Der Name Ernst Roller steht für anspruchsvolle Kultur
Der Träger des Bundesverdienstkreuzes und ehemalige Realschulrektor war viele Jahre lang Vorsitzender des Kulturvereins

Porträt
Von Gustav Döttling
Obersulm „Ich habe immer gesagt, mit 75 will ich alle meine Ämtle los sein.“ Das hat Ernst Roller geschafft. Der Pensionär hat im vergangenen Jahr seinen 75. Geburtstag gefeiert und hat all seine Ehrenämter in jüngere Hände gelegt. 37 Jahre stand der ehemalige Realschulrektor der Realschule Obersulm an der Spitze des Obersulmer Kulturbetriebs, davon 15 Jahre als erster Vorsitzender des 1991 gegründeten Obersulmer Kulturvereins und 21 Jahre als zweiter Vorsitzender im Synagogenverein. Dieser wurde 1985 gegründet.

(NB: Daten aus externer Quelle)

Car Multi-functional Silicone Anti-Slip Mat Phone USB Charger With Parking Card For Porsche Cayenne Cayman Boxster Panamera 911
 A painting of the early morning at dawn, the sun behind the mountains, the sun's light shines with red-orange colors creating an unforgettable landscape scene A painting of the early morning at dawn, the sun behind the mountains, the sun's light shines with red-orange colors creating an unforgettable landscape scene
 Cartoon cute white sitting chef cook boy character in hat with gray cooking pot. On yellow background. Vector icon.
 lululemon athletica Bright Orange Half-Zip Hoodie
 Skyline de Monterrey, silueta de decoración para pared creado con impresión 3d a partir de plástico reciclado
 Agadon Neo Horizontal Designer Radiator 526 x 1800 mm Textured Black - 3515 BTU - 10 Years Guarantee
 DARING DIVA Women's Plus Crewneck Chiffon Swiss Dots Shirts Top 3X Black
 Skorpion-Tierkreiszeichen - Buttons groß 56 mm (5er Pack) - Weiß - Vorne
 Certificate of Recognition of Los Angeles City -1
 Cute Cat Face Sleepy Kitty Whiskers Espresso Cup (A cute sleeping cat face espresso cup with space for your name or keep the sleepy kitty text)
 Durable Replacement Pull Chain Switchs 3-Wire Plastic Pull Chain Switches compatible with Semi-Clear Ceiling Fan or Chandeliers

Seit Mitte der 60er-Jahre war er zudem Organist und Kirchenchorleiter der evangelischen Kirchengemeinde. Den Vereinsvorsitz im Kulturverein trat Ernst Roller, der auch mit dem Bundesverdienstkreuz dekoriert ist, bereits im vergangenen Jahr an Musikschulleiter Michael Graf ab, dem er noch ein Jahr als zweiter Vorsitzender zur Seite stand.
Ernst Roller ist 1931 in Heidenheim an der Brenz geboren. Sein Vater war Bauschlosser bei Voith. „Die Familie Roller lässt sich im Brenztal bis zum Jahr 1678 zurückverfolgen“, ist er auf die lange Familientradition stolz. Nach dem Zweiten Weltkrieg, der junge Schlossersohn blieb vom Kriegsdienst verschont, besuchte er die ehemalige Lehreroberschule in Michelbach an der Bilz, wo er 1950 sein Abitur ablegte. Er besuchte das pädagogische Institut in Stuttgart und legte 1952 seine erste Dienstprüfung ab. Seine Frau Gertrud, die aus Ellhofen stammt und ebenfalls Lehrerin war, heiratete Ernst Roller 1954. Fünf Kinder und neun Enkel sorgen noch heute im Hause Roller für Leben.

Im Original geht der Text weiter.